(Image-caption web data)
%%

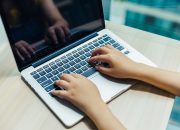 Trik Biar Laptop Jadul Kamu Tetap Ngebut & Enak Dipakai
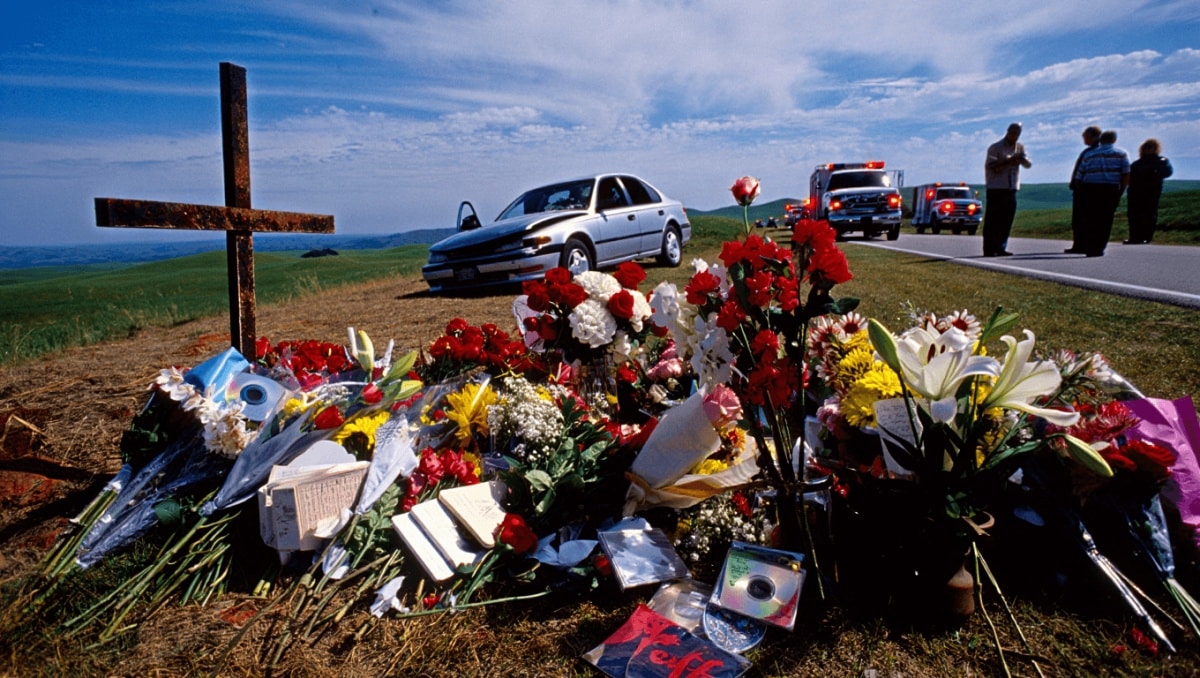 On This Day in 1997: Two Weezer Superfans Died in a Tragic Car Accident, Sparking a Wave of Tribute Songs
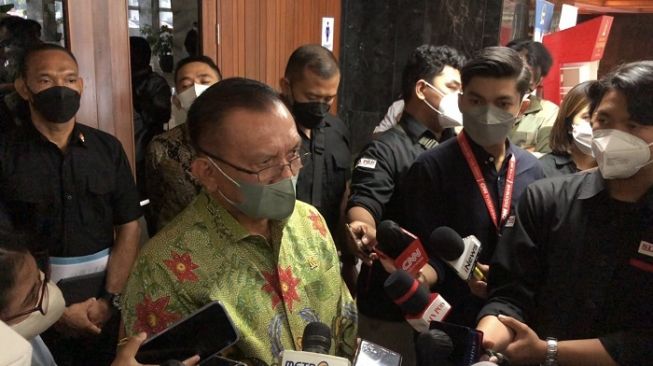 Pandora Papers Seret Nama Airlangga dan Luhut, Golkar: Itu Rumor, Gak Bagus Buat Kita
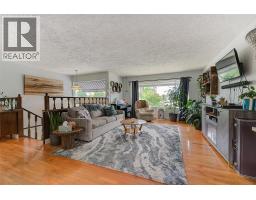 Kitchen - 651 Richter Street, Kelowna, BC V1Y2J6 Photo 7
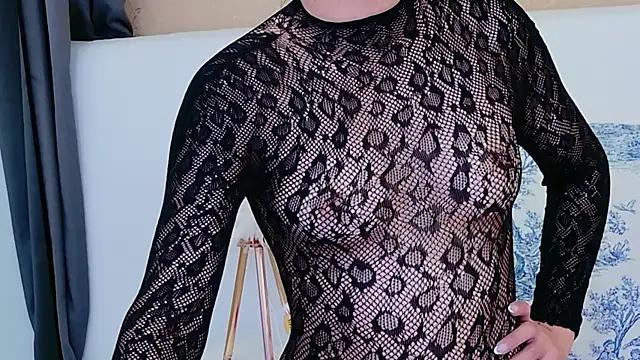 Snapshot of MiaDunoff chatting on November 5, 9:51 pm MiaDunoff online show from November 5, 9:51 pm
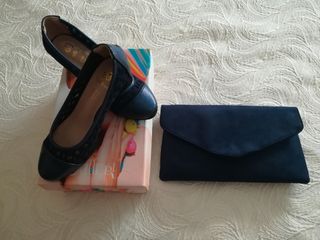 Zapatos de señora y bolso 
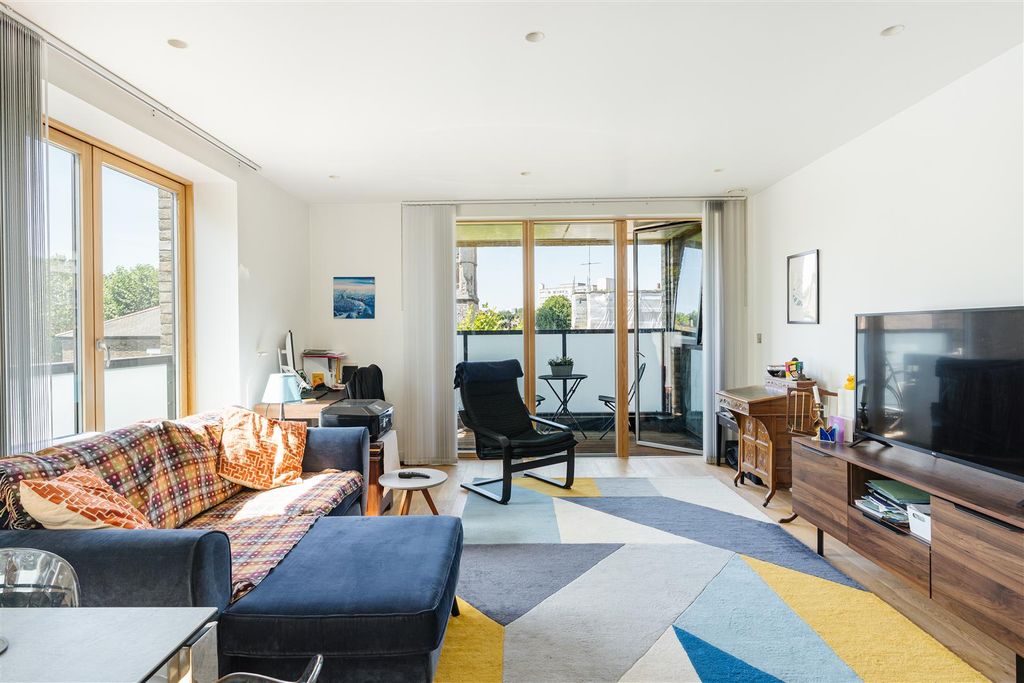 Property photo 2 of 18 Vicars_Road-07.Jpg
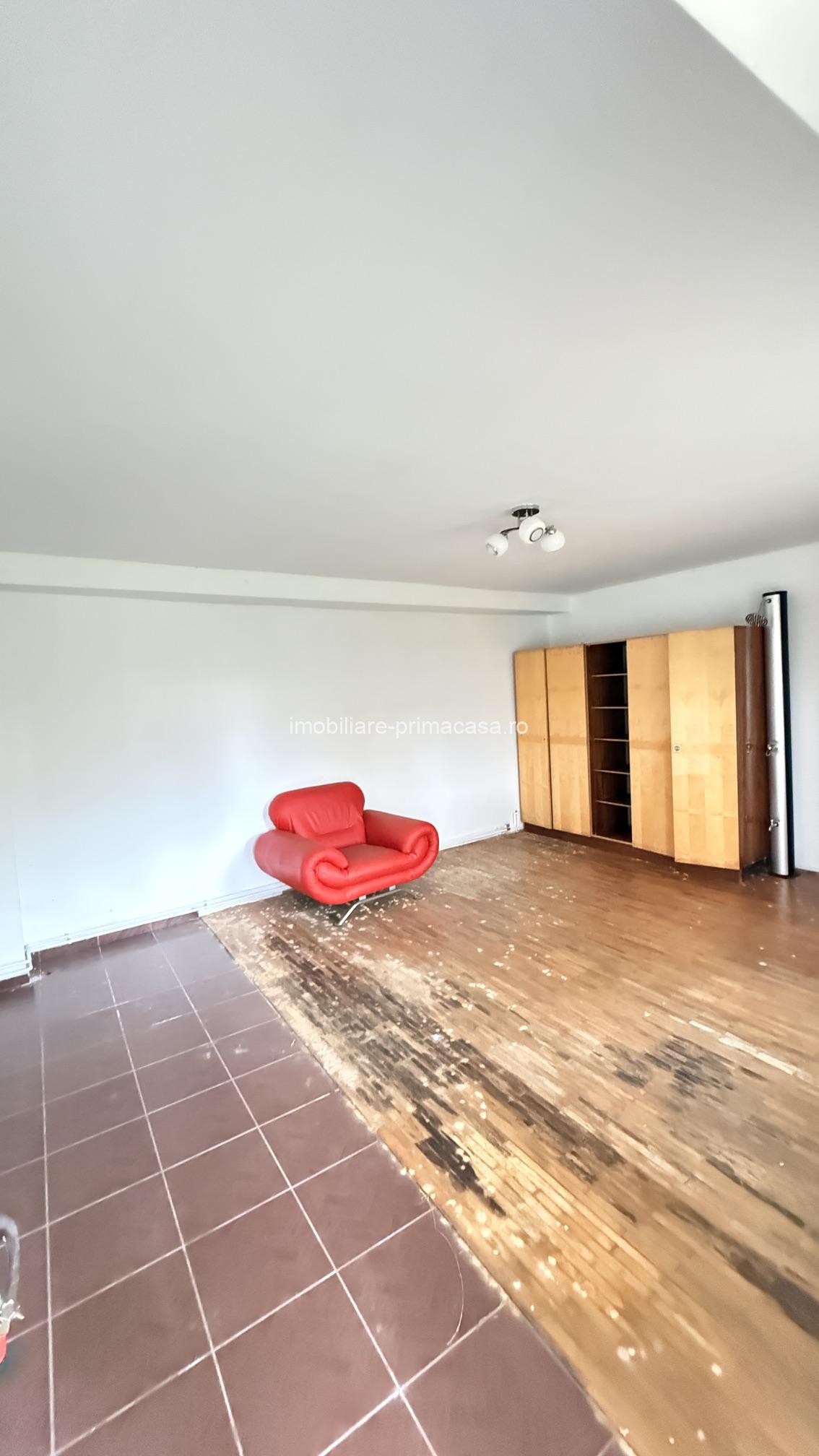 VICTORIEI Zona Fredy, casa pe 1 nivel , 4ari teren! - imagine 8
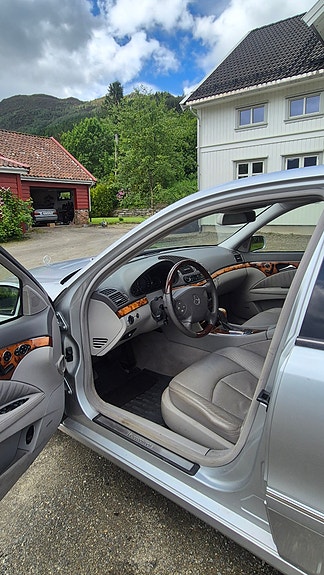 Mercedes-Benz E500 19 of 30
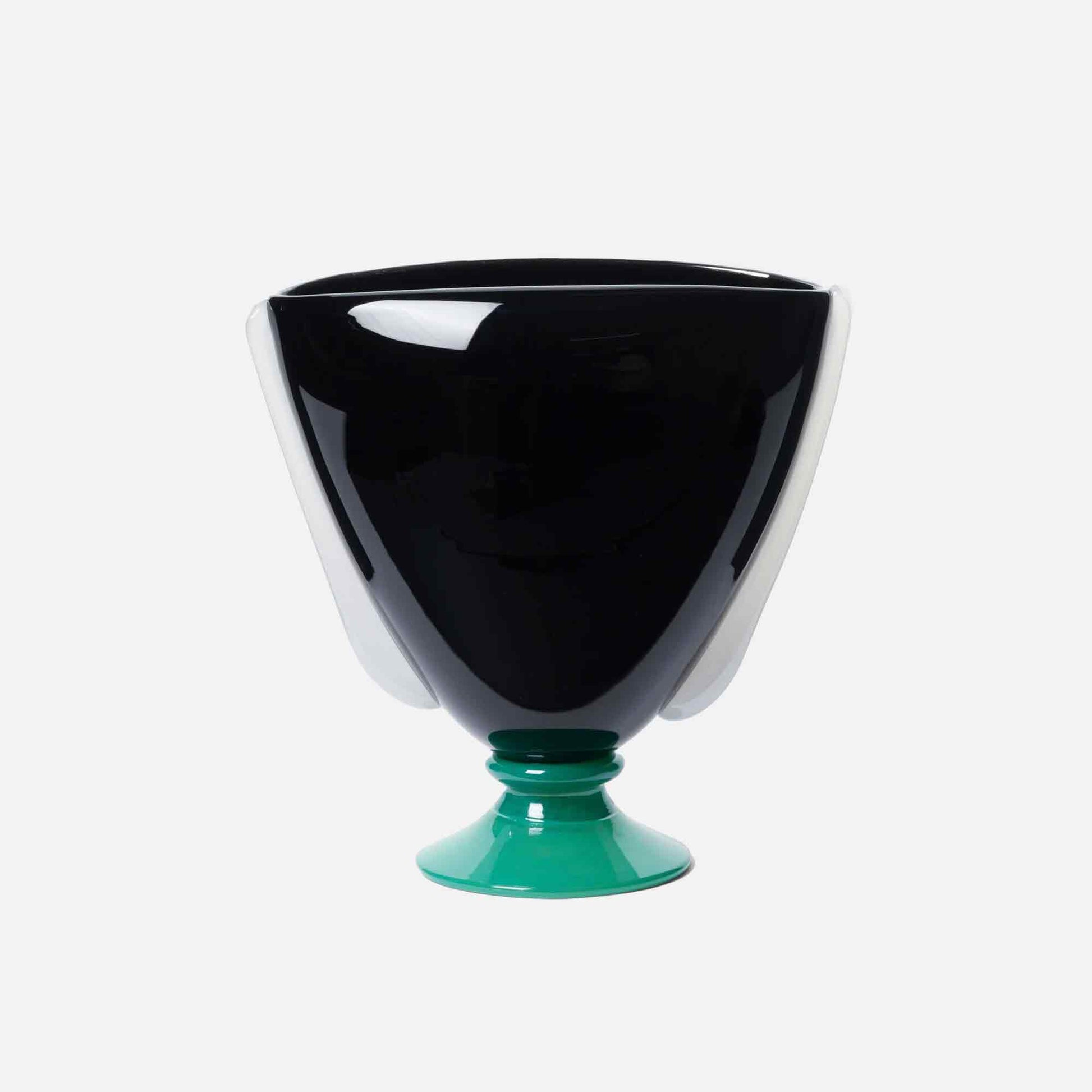 Karl Vase Piano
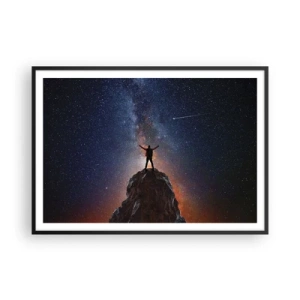 Poster in einem schwarzem Rahmen - Eine Figur auf einem Berggipfel unter einem Sternenhimmel - 100x70cm - Die Macht ist mit mir! - Moderne Wanddekoration für Wohnzimmer und Schlafzimmer ARTTOR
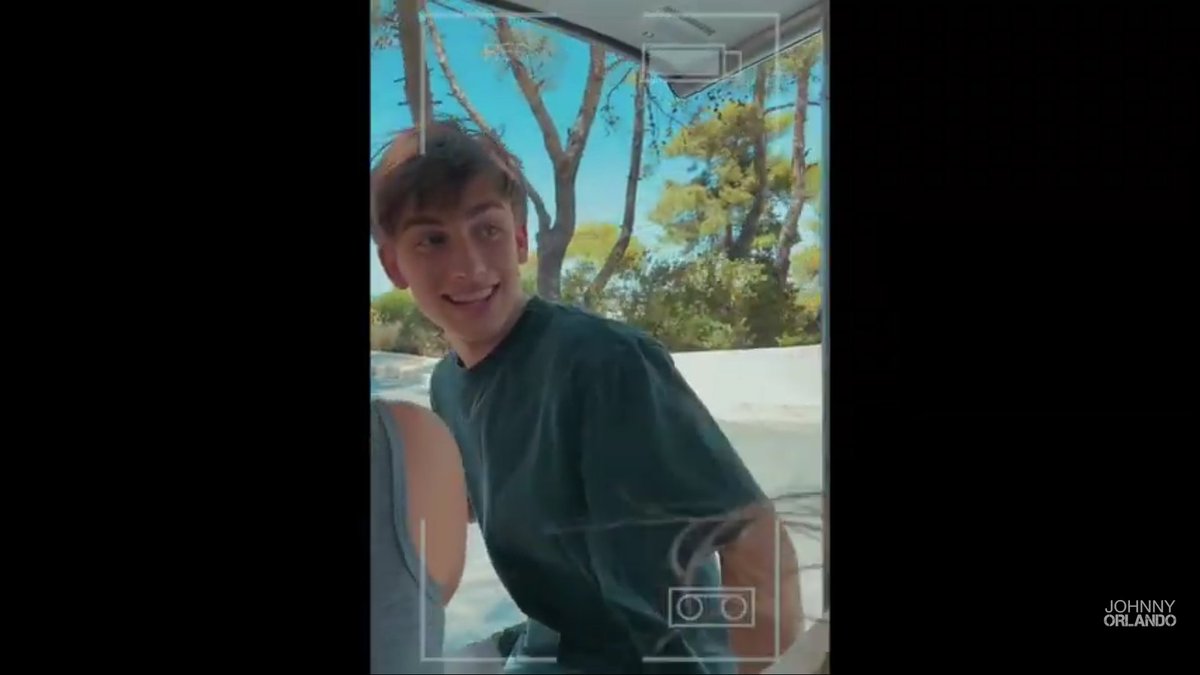 giftedjohnny's tweet photo. Can we just all agree that this vlog made our day even more better? 😫❣️ @johnnyorlando @TheJohnnyHQ #LifeWithJohnny https://t.co/ueqT3BdEGL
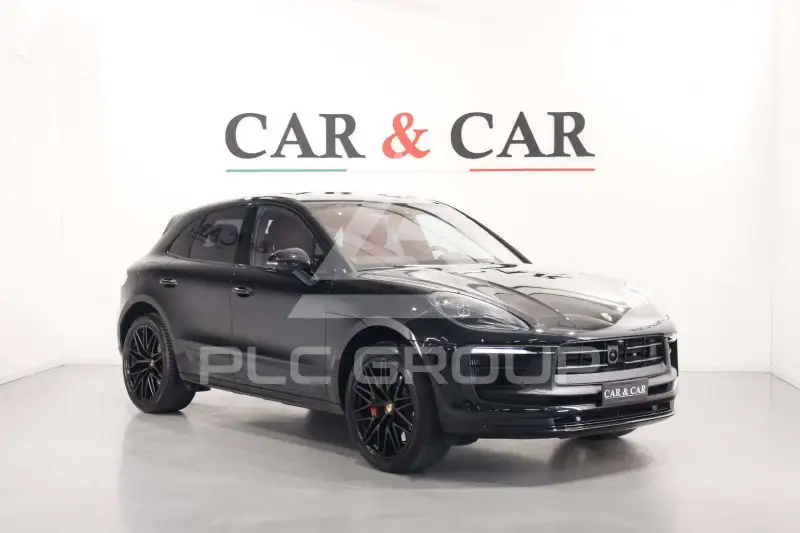 2022 Porsche MACAN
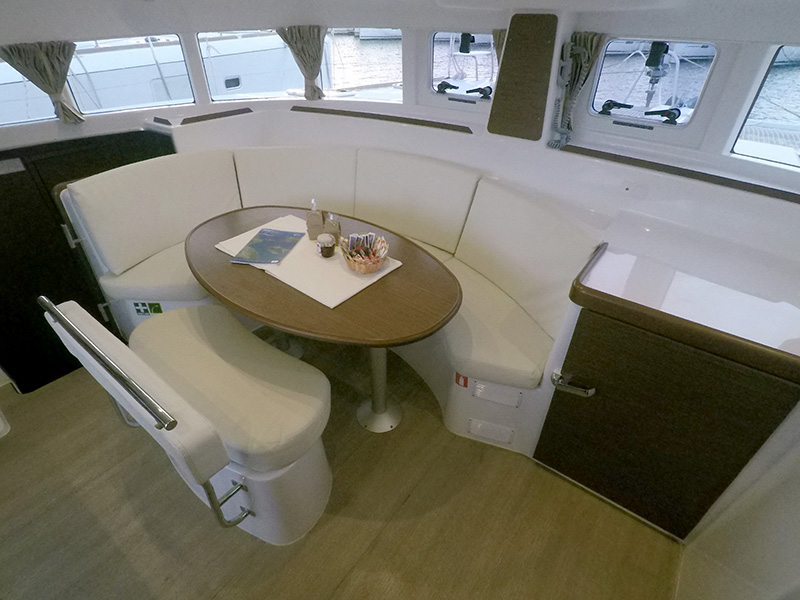 Lagoon 380 — photo 12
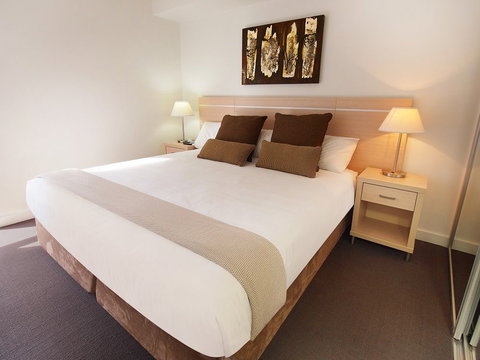 Oaks Festival Towers - Inverell Accommodation 1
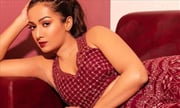 Latest Hot Pictures of Catherine Tresa flaunting her Hot Waist and Tempting Assets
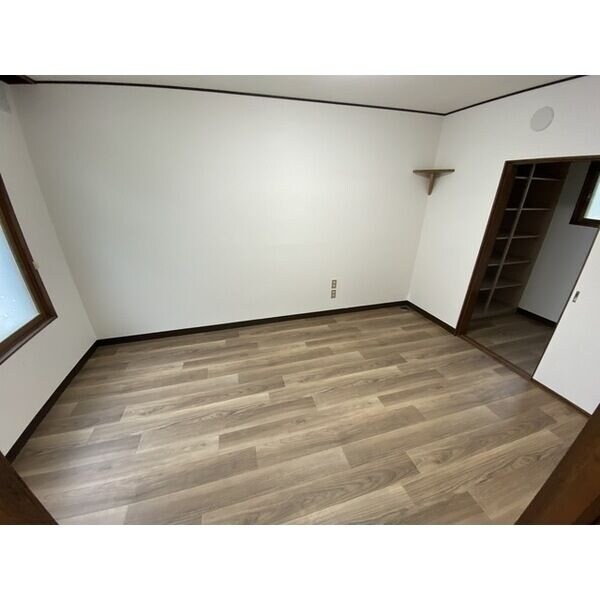 澄川6-13貸家の物件内観写真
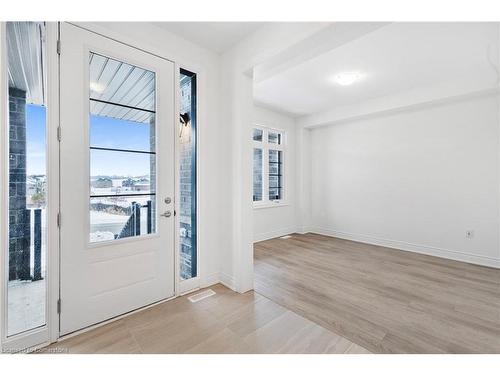 59 Cunningham Drive, Bradford West Gwillimbury, ON - Indoor Photo Showing Other Room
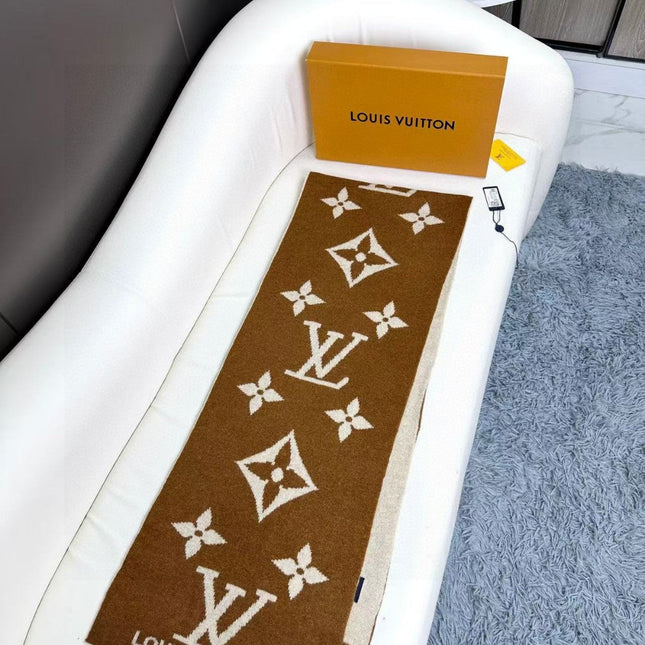 LV SCARF 180 CM IN CASHMERE 700778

%%

__TASK DIRECTIONS__
Each entry above is to be written out again unchanged, apart from the pictures, which are left out.

__EXERCISE OUTPUT__
 Trik Biar Laptop Jadul Kamu Tetap Ngebut & Enak Dipakai
 On This Day in 1997: Two Weezer Superfans Died in a Tragic Car Accident, Sparking a Wave of Tribute Songs
 Pandora Papers Seret Nama Airlangga dan Luhut, Golkar: Itu Rumor, Gak Bagus Buat Kita
 Kitchen - 651 Richter Street, Kelowna, BC V1Y2J6 Photo 7
 Snapshot of MiaDunoff chatting on November 5, 9:51 pm MiaDunoff online show from November 5, 9:51 pm
 Zapatos de señora y bolso 
 Property photo 2 of 18 Vicars_Road-07.Jpg
 VICTORIEI Zona Fredy, casa pe 1 nivel , 4ari teren! - imagine 8
 Mercedes-Benz E500 19 of 30
 Karl Vase Piano
 Poster in einem schwarzem Rahmen - Eine Figur auf einem Berggipfel unter einem Sternenhimmel - 100x70cm - Die Macht ist mit mir! - Moderne Wanddekoration für Wohnzimmer und Schlafzimmer ARTTOR
 giftedjohnny's tweet photo. Can we just all agree that this vlog made our day even more better? 😫❣️ @johnnyorlando @TheJohnnyHQ #LifeWithJohnny https://t.co/ueqT3BdEGL
 2022 Porsche MACAN
 Lagoon 380 — photo 12
 Oaks Festival Towers - Inverell Accommodation 1
 Latest Hot Pictures of Catherine Tresa flaunting her Hot Waist and Tempting Assets
 澄川6-13貸家の物件内観写真
 59 Cunningham Drive, Bradford West Gwillimbury, ON - Indoor Photo Showing Other Room
 LV SCARF 180 CM IN CASHMERE 700778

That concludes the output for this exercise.